Ülkelerin eğitime ve askeri harcamalara hangi oranda para ayırdıkları ile, ülkelerin gelir dağılım durumları ve nüfus artış hızları arasında bir korelasyon bulmak üzere, CIA-The World Factbook bilgilerini kullanarak bir araştırma yaptım.
Aşağıdaki tabloda, ülkelerin askeri harcamaları ve eğitim harcamalarının, o ülkenin Gayri Safi Milli Hasıla (GSMH)’sına oranı yer alıyor. Oranlar hesaplanırken bazı ülkeler için 2009, bazıları için ise 2008 veya mümkün olan en yakın tarih esas alınmış. GSMH rakamları ABD doları bazında ve “satın alma gücü paritesi” göz önüne alınmaksızın hesaplanmış.

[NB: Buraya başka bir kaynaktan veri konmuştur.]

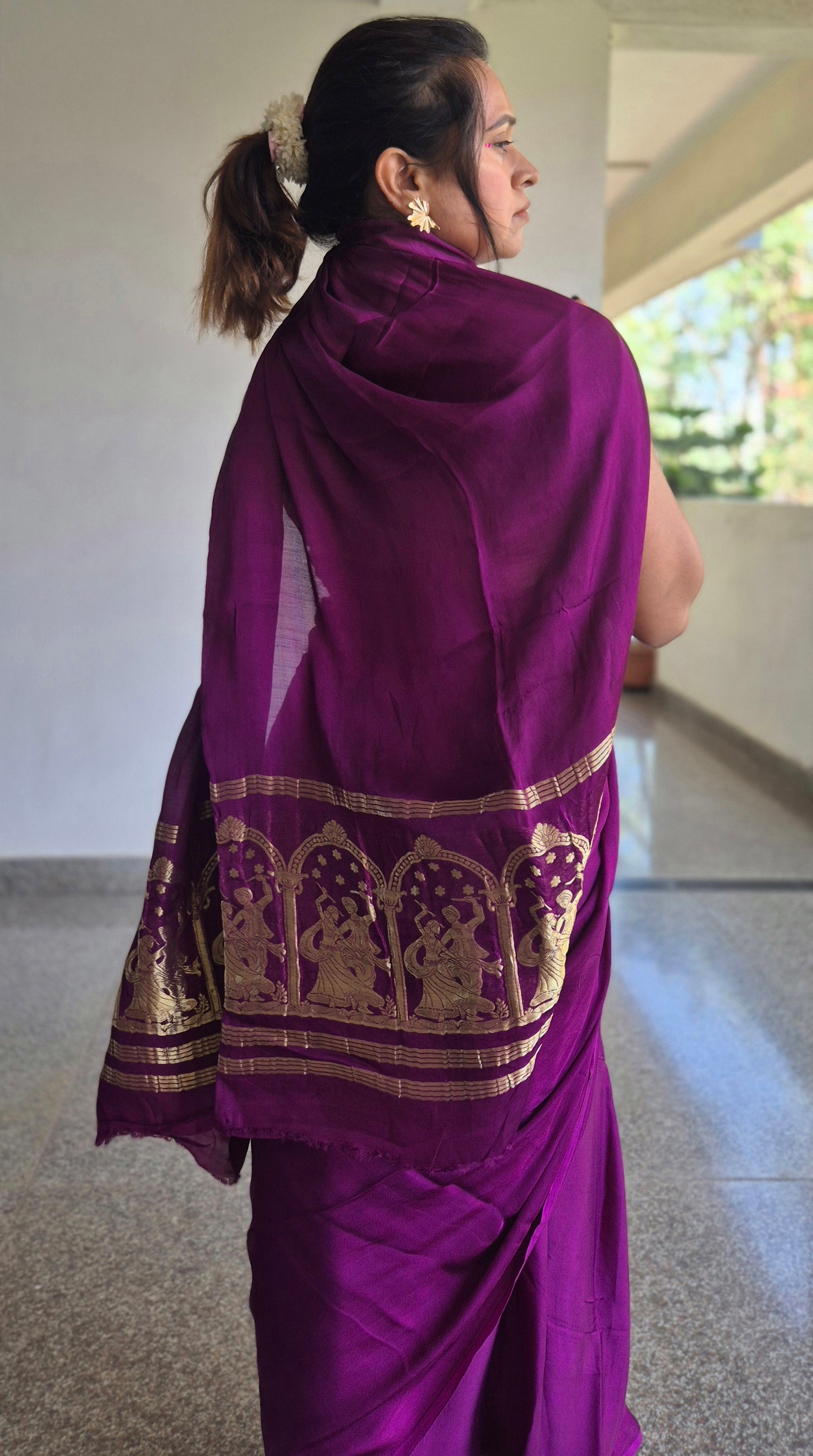 Royal Purple Modal Silk Saree | Baluchari‑Design Zari Pallu | Festive Collection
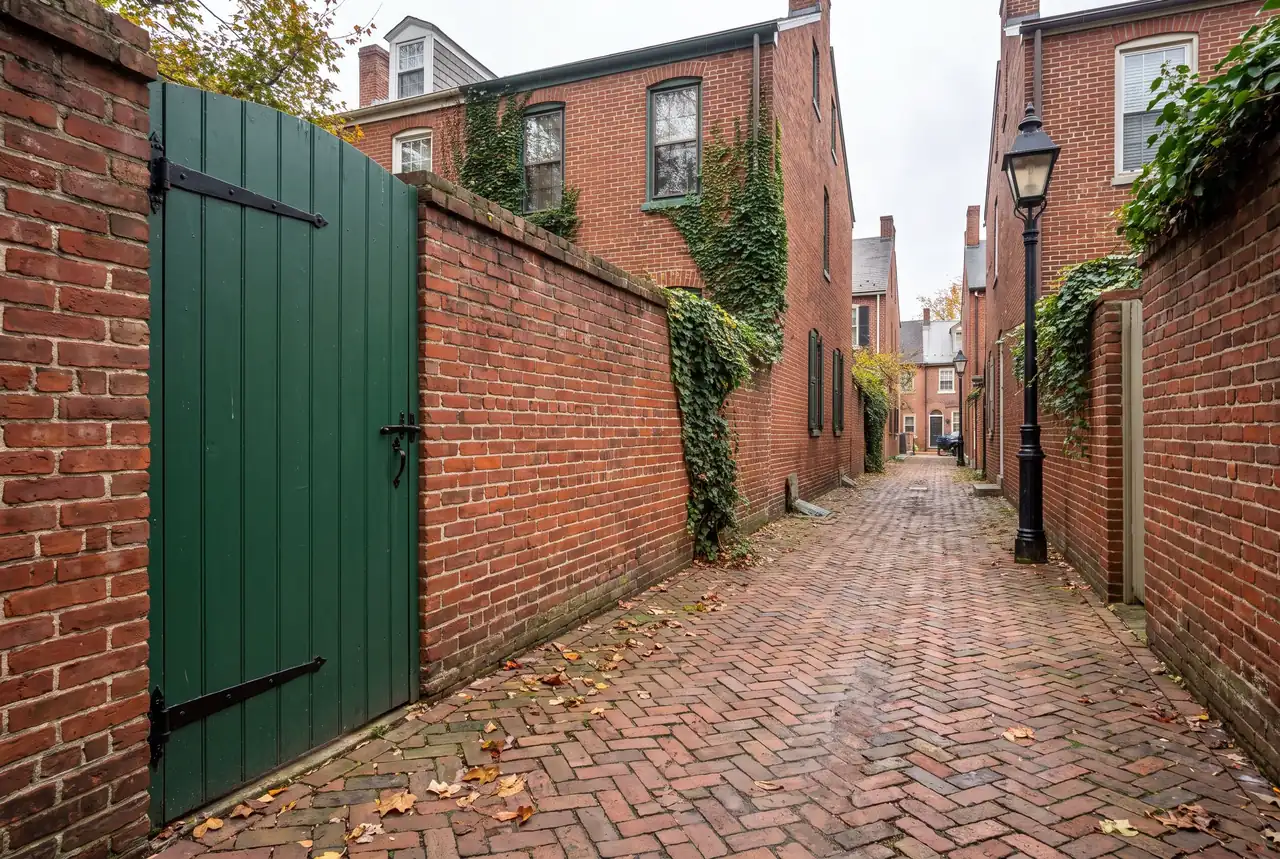 Wood gate opening onto a narrow brick alley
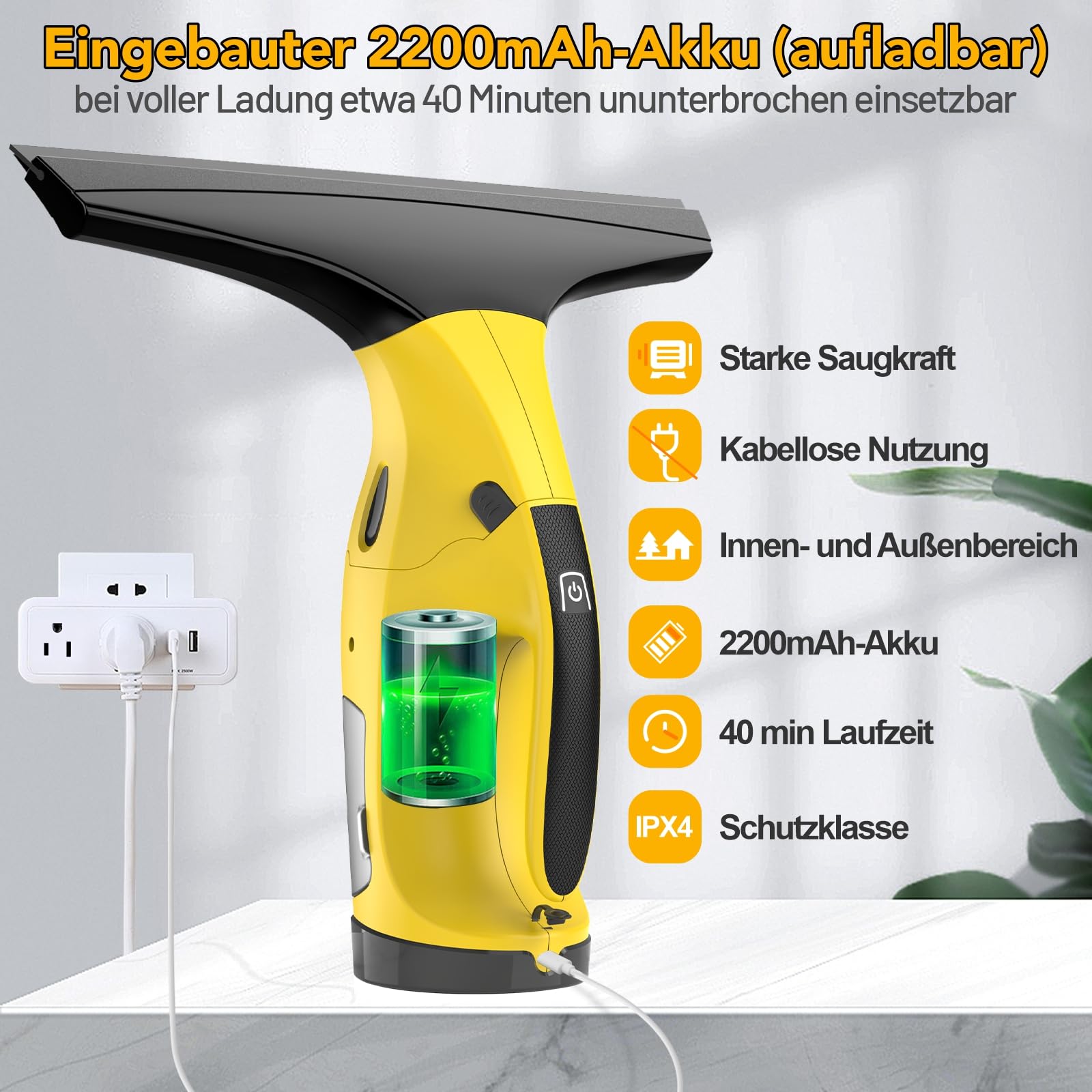 Fenstersauger wiederaufladbarer Fensterabzieher streifenfrei 28 cm 17 cm kabelloses Fensterreinigungsset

İlk iki sütuna bakıldığında, gelişmiş ülkelerin eğitim için harcadıkları paranın, askeri harcamalar için harcadıklarından oransal olarak çok yüksek olduğunu görüyoruz. Gelişmekte olan ülkelerin askeri harcamaları ise, neredeyse eğitim için ayırdıkları paranın iki katı. Zaten, bu yüzden de geri kalıyorlar ve ülkelerinde gerçek anlamda demokrasiyi yerleştiremiyorlar. Dikkat edilirse, dünyadaki en yüksek askeri harcamayı yapan ABD’de bile, eğitim harcamaları askeri harcamaların üzerinde. Almanya ve Brezilya gibi ülkeler, askeri harcamalarının 3 katı eğitime para ayırıyorlar. Sürekli savaş halinde olan İsrail’de bile eğitim harcamaları askeri harcamalara yakın. Bizim ise, eğitime harcadığımız para, askeri harcamalarımızın neredeyse yarısı kadar.

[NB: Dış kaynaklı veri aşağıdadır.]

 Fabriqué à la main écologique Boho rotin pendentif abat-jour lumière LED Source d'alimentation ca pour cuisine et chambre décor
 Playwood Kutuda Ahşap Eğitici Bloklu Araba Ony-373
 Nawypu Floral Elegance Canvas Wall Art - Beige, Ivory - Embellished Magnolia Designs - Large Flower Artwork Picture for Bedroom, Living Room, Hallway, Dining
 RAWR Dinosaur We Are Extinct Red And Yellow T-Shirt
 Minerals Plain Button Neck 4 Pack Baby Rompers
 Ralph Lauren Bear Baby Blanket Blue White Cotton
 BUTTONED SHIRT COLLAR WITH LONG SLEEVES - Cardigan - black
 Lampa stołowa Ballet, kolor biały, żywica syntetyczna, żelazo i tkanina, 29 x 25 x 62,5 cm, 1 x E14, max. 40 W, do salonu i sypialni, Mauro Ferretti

Üçüncü sütundaki “ailelerin gelir dağılımındaki yeri” tablosu hazırlanırken, Lorenz eğrisi esas alınmış. Bu sütundaki rakam (Gini Endeks) küçüldükçe, gelir dağılımı iyileşiyor. “45”in üzerindeki bir gelir dağılımı rakamının, dünya ortalamasından iyi olduğunu söyleyebiliriz. “41” rakamına ulaşan Türkiye’de gelir dağılımının, dünya ortalamasından biraz kötü olduğu anlaşılıyor. Askeri harcamaların yüksek olduğu ülkelerde, genellikle gelir dağılımı da bozuk. Yöneticilerimiz maalesef yıllardır görmek istedikleri rakamlardan bahsederek, bizi yönlendiriyorlar. Gelir dağılımı ve askeri harcamalar onları pek ilgilendirmiyor.

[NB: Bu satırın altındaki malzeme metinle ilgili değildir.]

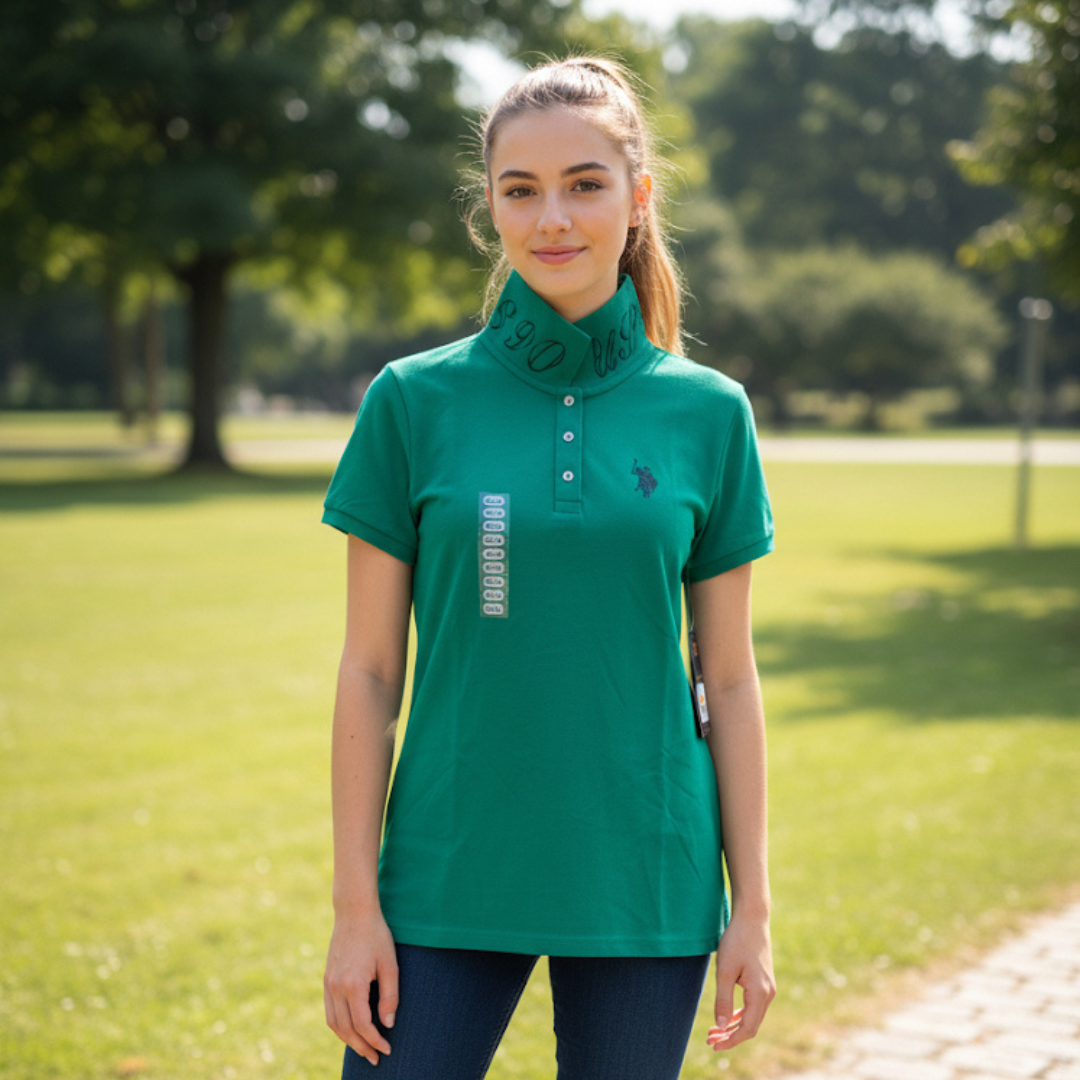 Chemise Polo Verde Para Mujer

Dördüncü sütundaki ülkelerin nüfus artış hızı, doğum-ölüm farkı alınıp bu rakama ülkeye giren göçmenler eklenerek hesaplanmış. Yani, asgari 3 çocuk yapmakla iş bitmiyor; nüfus göçünü de kontrol altında tutmak gerek. Gelişmiş ülkelerde “Göçmen Bakanlığı” bu yüzden oluşturulmuş. Bu sütundaki “gerçek nüfus artış hızı”, ülkelerin büyüme rakamını doğrudan etkiliyor; nüfus artış hızı kadar yıllık büyüme rakamı düşüyor. Yine görülüyor ki, genellikle nüfusu hızlı artan ülkelerde, eğitim harcamalarının askeri harcamalara oranı düşüyor. Geri kalmışlık kısır döngüsü bu yüzden kırılamıyor.